- Directed by: Tariq Khan
- Written by: Nisar Akhtar
- Produced by: Suresh Bhagat
- Starring: Arshad Warsi Anita Hassanandani Rajpal Yadav
- Music by: Ravi Pawar
- Production company: Filmsland Entertainment
- Release date: 10 April 2009;
- Running time: 172 minutes
- Country: India
- Language: Hindi

= Ek Se Bure Do =

Ek Se Bure Do is a 2009 Bollywood black comedy film directed by Tarique Khan and starring Arshad Warsi, Anita Hassanandani and Rajpal Yadav. The film was shot in 2007 but released in 2009.

==Plot==
Tito (Arshad Warsi) and Tony (Rajpal Yadav) are two conmen who run into and fall in love with two sisters, Payal (Anita Hassanandani) and Gehna (Tusha).
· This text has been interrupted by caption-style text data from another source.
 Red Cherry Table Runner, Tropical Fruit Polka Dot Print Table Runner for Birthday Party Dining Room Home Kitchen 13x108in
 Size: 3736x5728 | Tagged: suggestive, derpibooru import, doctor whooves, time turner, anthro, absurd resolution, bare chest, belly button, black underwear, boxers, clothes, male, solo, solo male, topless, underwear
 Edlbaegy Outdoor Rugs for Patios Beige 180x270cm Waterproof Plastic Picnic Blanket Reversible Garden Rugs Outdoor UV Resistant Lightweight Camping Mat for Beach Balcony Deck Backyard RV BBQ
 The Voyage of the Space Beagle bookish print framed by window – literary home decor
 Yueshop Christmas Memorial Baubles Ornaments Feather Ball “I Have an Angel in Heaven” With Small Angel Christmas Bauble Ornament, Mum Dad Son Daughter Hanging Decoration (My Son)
The girls have run away from their home and uncle, Vikramaditya (Govind Namdeo). Meanwhile, small-time don Jagat Dada (also played by Govind Namdeo) enlists the help of Tito-Tony to steal a treasure map from a police station. Tito-Tony accomplishes the task but, instead of giving Jagat the real map, they hand him a fake copy forged by Mamu (Razak Khan), So, while Jagat and his men so, in a futile search for the treasure, Tito-Tony go after the real one, which is in Vikramaditya's house. Soon, Jagat realizes that he has been conned and also becomes aware that he looks like Vikramaditya. Since Vikramaditya is away from home, Jagat Dada goes into his house pretending to be Vikramaditya. The chase for the fortune begins in earnest and after the mandatory mix-ups; the police come and arrest Jagat Dada and his men.

==Cast==
- Arshad Warsi as Tito
- Anita Hassanandani as Payal
- Rajpal Yadav as Tony
- Tusha as Gehna
- Govind Namdeo as Vikramaditya / Jagat Dada
- Lankesh Bhardwaj as Deva
- Yashpal Sharma
- Jagdeep

== Soundtrack ==

| No. | Title | Singer(s) | Length |
|---|---|---|---|
| 1. | "Ishq Ki Zaat" | Daler Mehndi, Kalpana Patowary |  |
| 2. | "Aaisa Pehli Bar" | Sunidhi Chauhan, Suzanne D'Mello |  |
| 3. | "Jaana Jaana" | Harshdeep Kaur, Hema Sardesai, Shaan |  |
| 4. | "Ek Se Bure Do" | Sonu Nigam, Vinod Rathod |  |
| 5. | "Meri Har Ada Ke Charche" | Sonu Kakkar |  |

== Reception ==
The film received negative reviews. The Hindustan Times gave it a rating of 0, saying "this is a movie that sends you home somewhat worried — about your own well-being and that of Hindi cinema", while The Indian Express found the film difficult to sit through and watch. Bollywood Hungama gave the film two and a half out of five, calling it "a classic example of been there, seen that, moved on. There has been a barrage of nonsensical comedies. Now add one more name to the list."